4 Reasons We Fight Over Chores
Conflict about household responsibilities is often about so much more.
Posted Oct 17, 2019
Written by Laura D. Miller, LCSW
Household chores often become the territory on which couples do battle about a whole range of issues, many of which really have little to do with who should take out the trash or do the laundry. The distress with which my patients so often tell me about frustrations with their partner’s disappointing contribution to and/or execution of domestic tasks suggests that something else is going on. The intensity of emotion often seems disproportionate to the situation and can be all the more upsetting because this aspect is so confusing!
So, what’s really going on?
1. Past experiences of neglect and betrayal
Many couples see a partner’s lack of attention to household tasks as a reflection of how much the partner is keeping them in mind. Mess in the house, such as unwashed dishes, can come to symbolize mental absence on the part of the mess-maker—how can this person care about me if they leave me to clean everything up by myself?
This can bring up experiences from childhood in which the person felt neglected in some way by a parent; they then feel abandoned—at least partially—by their partner.
2. Representations of social inequality
Welcome to "The Patriarchy"! Right here in your very own home. It can be hard for couples to acknowledge the impact that patriarchal systems and other power structures (for example, racial inequality) have on their home life.
For example, in the home of a female patient married to a male partner she considers a feminist, childcare is referred to as “watching the kids” for him—that is, it is an activity outside of his typical routine. Caring for their children is routine for her, reflecting the way women are often expected to be silently self-sacrificing caregivers in a patriarchal society.

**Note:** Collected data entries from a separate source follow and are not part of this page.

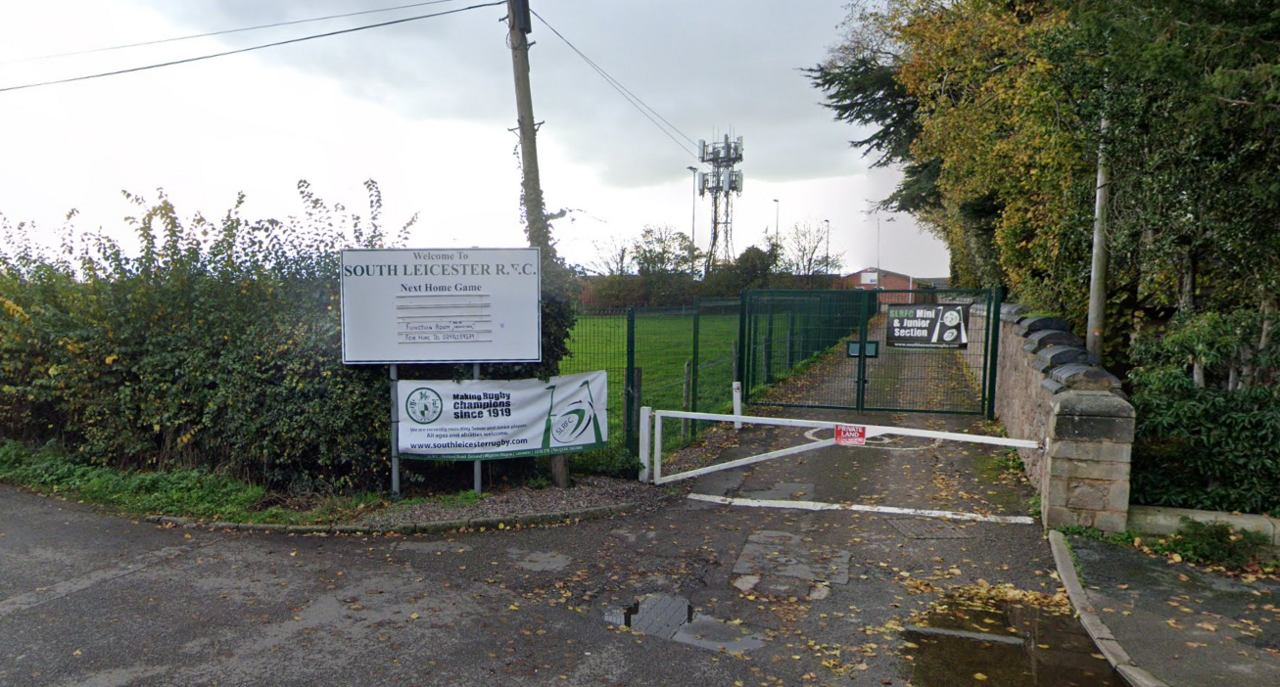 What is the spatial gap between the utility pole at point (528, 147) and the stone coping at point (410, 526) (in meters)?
0.87

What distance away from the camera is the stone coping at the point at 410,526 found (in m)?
6.84

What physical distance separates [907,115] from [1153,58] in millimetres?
19417

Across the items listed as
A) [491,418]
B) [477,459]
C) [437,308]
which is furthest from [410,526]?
[437,308]

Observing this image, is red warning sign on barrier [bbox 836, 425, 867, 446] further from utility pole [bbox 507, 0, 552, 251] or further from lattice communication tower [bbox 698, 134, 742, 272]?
lattice communication tower [bbox 698, 134, 742, 272]

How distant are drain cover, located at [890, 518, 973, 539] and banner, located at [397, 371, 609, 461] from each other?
3154 millimetres

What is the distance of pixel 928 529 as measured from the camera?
22.5ft

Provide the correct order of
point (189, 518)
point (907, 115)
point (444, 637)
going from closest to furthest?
point (444, 637), point (189, 518), point (907, 115)

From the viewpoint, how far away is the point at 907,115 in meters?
24.0

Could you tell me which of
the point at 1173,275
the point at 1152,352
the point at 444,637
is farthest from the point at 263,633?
the point at 1173,275

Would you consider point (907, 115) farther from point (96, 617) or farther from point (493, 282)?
point (96, 617)

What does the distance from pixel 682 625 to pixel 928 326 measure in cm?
775

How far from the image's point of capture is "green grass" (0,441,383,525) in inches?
285

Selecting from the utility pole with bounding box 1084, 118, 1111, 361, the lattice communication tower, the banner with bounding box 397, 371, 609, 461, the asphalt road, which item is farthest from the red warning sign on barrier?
the lattice communication tower

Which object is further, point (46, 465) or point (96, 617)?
point (46, 465) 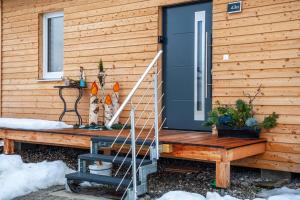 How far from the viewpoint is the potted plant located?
16.1ft

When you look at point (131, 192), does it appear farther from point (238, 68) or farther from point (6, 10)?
point (6, 10)

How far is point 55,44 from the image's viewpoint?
299 inches

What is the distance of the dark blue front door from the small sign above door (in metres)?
0.38

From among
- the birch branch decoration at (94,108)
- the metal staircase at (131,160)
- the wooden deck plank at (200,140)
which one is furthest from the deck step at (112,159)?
the birch branch decoration at (94,108)

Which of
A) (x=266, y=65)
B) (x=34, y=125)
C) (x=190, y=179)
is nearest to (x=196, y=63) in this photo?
(x=266, y=65)

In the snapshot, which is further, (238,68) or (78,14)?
(78,14)

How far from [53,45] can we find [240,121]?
399 centimetres

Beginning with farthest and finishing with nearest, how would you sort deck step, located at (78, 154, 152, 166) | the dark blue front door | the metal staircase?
the dark blue front door, deck step, located at (78, 154, 152, 166), the metal staircase

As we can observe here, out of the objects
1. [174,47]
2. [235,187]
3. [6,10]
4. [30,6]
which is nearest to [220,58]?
[174,47]

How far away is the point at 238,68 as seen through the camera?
5242mm

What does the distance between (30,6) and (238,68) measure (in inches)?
171

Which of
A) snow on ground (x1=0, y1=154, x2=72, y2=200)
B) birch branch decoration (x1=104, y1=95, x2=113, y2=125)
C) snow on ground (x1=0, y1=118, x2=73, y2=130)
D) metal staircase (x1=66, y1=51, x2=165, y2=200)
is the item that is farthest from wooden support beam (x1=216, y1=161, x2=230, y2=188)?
snow on ground (x1=0, y1=118, x2=73, y2=130)

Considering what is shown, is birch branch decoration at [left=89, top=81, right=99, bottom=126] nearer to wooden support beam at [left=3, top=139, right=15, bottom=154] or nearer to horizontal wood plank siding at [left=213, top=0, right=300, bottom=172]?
wooden support beam at [left=3, top=139, right=15, bottom=154]

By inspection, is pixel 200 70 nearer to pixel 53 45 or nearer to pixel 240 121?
pixel 240 121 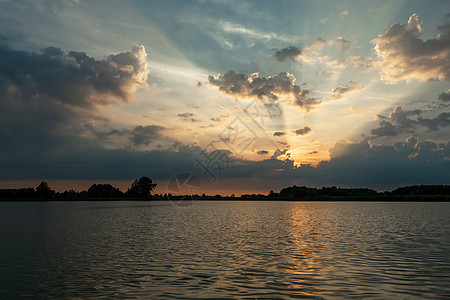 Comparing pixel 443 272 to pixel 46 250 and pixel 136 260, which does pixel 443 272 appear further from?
pixel 46 250

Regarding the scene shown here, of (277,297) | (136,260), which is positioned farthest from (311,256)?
(136,260)

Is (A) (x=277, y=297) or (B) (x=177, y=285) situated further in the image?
(B) (x=177, y=285)

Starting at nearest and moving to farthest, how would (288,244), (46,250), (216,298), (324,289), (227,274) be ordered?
(216,298)
(324,289)
(227,274)
(46,250)
(288,244)

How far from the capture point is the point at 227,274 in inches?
1001

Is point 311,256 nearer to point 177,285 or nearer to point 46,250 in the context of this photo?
point 177,285

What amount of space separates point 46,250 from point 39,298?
66.4 ft

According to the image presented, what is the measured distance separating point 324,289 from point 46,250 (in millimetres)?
31246

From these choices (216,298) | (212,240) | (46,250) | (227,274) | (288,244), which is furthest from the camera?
(212,240)

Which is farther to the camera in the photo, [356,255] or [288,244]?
[288,244]

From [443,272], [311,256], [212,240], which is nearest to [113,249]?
[212,240]

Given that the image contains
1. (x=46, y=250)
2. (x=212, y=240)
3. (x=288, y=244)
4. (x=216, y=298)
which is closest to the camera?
(x=216, y=298)

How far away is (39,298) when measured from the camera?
65.0 ft

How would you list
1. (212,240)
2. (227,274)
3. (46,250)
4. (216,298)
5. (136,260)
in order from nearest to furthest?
(216,298) → (227,274) → (136,260) → (46,250) → (212,240)

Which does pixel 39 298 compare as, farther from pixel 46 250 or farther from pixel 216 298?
pixel 46 250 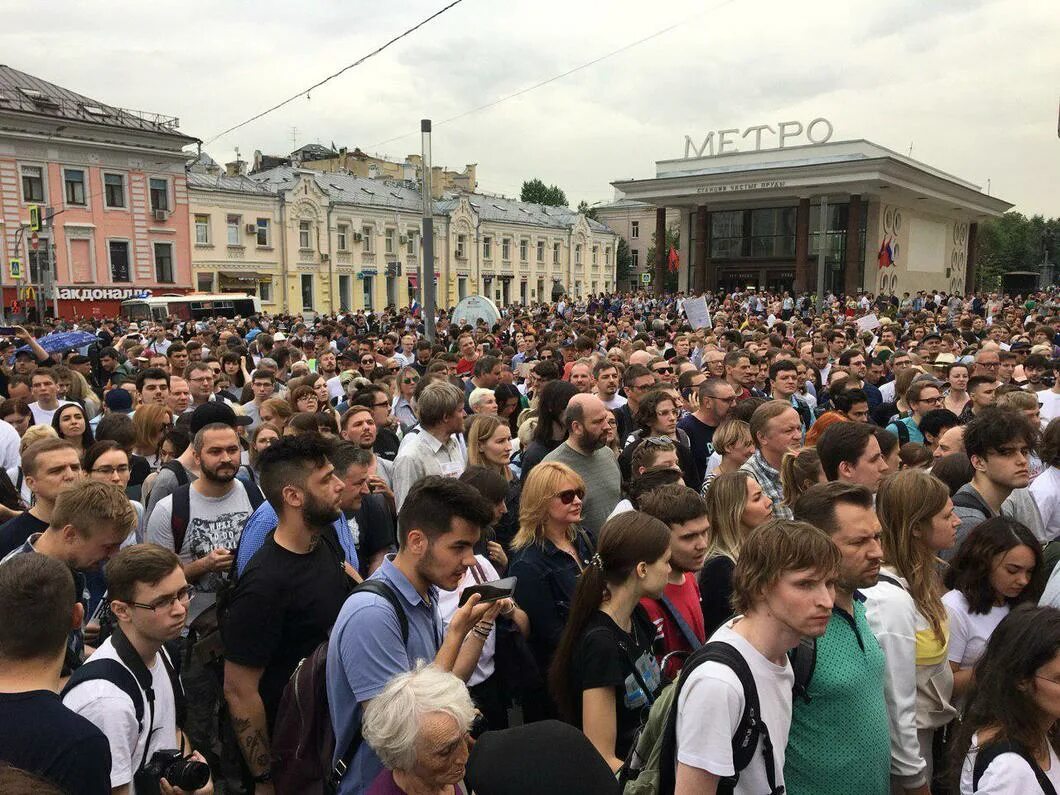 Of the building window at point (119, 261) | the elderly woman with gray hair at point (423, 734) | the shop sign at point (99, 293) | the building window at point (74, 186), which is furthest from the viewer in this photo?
the building window at point (119, 261)

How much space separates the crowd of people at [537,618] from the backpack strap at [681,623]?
12mm

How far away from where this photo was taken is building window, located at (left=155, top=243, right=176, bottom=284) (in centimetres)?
4312

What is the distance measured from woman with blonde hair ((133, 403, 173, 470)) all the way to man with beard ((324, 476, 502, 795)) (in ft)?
13.5

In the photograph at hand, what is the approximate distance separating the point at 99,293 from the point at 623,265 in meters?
52.5

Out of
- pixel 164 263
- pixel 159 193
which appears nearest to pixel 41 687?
pixel 164 263

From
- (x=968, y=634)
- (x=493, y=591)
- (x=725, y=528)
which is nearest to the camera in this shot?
(x=493, y=591)

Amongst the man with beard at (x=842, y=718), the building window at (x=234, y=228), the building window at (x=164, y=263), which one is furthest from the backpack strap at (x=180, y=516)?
the building window at (x=234, y=228)

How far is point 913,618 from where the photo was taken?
3.02 metres

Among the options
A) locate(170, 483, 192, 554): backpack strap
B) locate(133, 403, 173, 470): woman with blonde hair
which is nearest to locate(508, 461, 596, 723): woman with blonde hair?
locate(170, 483, 192, 554): backpack strap

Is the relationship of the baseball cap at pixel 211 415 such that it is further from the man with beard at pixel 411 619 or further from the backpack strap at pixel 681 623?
the backpack strap at pixel 681 623

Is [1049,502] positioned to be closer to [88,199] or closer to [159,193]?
[88,199]

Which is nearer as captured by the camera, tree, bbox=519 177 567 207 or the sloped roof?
the sloped roof

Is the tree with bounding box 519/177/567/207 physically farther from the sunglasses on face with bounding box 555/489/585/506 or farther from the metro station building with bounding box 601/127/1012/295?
the sunglasses on face with bounding box 555/489/585/506

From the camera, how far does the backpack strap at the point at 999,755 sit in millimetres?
2275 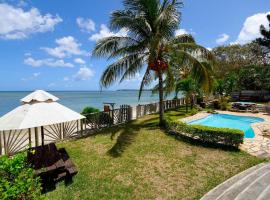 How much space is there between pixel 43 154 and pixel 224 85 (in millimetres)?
27075

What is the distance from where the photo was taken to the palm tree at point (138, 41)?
12297mm

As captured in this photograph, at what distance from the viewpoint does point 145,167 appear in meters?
7.56

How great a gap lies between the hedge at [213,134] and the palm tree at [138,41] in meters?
2.48

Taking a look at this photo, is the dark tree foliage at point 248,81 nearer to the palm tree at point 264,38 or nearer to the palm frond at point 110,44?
the palm tree at point 264,38

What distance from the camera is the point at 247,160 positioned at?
797cm

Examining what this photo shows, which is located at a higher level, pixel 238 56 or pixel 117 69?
pixel 238 56

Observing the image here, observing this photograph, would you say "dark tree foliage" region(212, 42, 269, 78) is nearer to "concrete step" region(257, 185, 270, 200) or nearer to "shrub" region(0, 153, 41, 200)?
"concrete step" region(257, 185, 270, 200)

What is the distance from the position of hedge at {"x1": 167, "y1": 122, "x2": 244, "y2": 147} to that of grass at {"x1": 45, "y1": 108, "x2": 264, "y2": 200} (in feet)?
2.18

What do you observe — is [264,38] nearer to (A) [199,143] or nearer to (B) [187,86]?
(B) [187,86]

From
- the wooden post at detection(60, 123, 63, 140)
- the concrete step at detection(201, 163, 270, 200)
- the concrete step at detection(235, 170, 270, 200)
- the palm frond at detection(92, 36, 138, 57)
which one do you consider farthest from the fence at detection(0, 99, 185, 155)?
the concrete step at detection(235, 170, 270, 200)

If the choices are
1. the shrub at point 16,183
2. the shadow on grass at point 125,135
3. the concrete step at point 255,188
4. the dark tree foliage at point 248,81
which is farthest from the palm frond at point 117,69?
the dark tree foliage at point 248,81

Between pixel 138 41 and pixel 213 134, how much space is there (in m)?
6.82

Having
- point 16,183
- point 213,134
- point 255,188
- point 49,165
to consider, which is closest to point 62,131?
point 49,165

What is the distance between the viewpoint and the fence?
355 inches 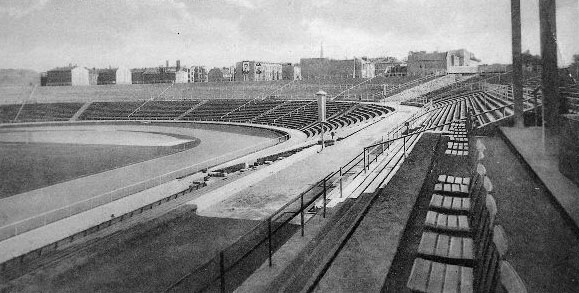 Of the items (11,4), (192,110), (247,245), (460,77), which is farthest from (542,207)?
(192,110)

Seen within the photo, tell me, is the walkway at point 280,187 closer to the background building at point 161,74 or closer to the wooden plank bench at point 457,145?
the wooden plank bench at point 457,145

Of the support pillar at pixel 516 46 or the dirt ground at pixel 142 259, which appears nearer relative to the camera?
the dirt ground at pixel 142 259

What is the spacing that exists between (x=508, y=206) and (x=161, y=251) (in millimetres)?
5151

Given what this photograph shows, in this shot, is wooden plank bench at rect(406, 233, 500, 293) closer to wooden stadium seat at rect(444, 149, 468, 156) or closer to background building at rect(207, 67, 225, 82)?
wooden stadium seat at rect(444, 149, 468, 156)

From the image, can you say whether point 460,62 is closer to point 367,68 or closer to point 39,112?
point 367,68

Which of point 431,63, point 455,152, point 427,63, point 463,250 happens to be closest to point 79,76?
point 427,63

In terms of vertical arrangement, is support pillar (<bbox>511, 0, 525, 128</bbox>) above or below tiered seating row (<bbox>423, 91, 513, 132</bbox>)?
above

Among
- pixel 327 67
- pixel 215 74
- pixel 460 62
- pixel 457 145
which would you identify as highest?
pixel 215 74

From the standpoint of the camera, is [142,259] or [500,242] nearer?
[500,242]

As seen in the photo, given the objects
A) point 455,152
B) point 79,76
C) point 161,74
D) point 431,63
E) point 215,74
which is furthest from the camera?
point 215,74

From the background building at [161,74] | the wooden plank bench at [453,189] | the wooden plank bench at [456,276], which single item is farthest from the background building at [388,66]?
the wooden plank bench at [456,276]

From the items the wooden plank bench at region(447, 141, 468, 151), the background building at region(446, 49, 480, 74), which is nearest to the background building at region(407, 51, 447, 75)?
the background building at region(446, 49, 480, 74)

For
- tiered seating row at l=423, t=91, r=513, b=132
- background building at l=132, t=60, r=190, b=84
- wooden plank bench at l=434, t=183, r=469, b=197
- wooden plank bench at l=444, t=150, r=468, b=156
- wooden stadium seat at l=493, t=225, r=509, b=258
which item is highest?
background building at l=132, t=60, r=190, b=84

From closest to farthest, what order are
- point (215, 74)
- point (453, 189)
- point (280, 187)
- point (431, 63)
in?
point (453, 189) → point (280, 187) → point (431, 63) → point (215, 74)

Additionally, people with histories of feeling dominated or exploited as a consequence of gender, sexuality, skin color, disability, body shape/size, etc., may be especially sensitive to asymmetry in household responsibilities.
3. Efforts to gain power and control
The battle over the division of household chores can be brutal! Partners often feel that the other person is trying to control them by nagging or by not doing their part. Each person quickly goes to their corner: He never puts away his clothes! She never stops telling me how to clean the house! Both people feel hurt, criticized, and powerless.
It can start to feel as though your partner doesn’t care much about your happiness, but merely wants to win. Keep in mind that efforts to gain power and control are often connected to experiences of neglect and betrayal.
4. Emotional issues are expressed through the home environment
While not cleaning up may look like laziness, it might be the fatigue that accompanies depression, as well as the hopelessness—everything feels futile, so why expend the energy to care for one’s space?
The home is often an expression of our inner world: A patient of mine finds that when he is depressed, he stops showering and doing laundry, which then reinforces feelings of self-loathing. And anxiety can also find expression in the home—obsession with neatness and cleanliness can be a response to the overwhelming worry that’s managed through organization and control.
What should we do?
It’s pretty simple. Though “simple” does not mean easy.
When you and your partner find yourself embroiled in conflict about household tasks, the most important thing is to recognize that the issue often goes beyond that which is immediately obvious.
Ask yourself and your partner if any of the reasons listed above might be making their way into your conflict—examining what appears “petty” from these different vantage points can allow for greater compassion and an increased likelihood of actually improving the situation.
Laura D. Miller, LCSW, is a psychoanalyst affiliated with the William Alanson White Institute. She has a special interest in work with the immigrant population and has published on the topics of immigration and parental infidelity. She is in private practice in Manhattan and teaches psychotherapy at Columbia University School of Social Work.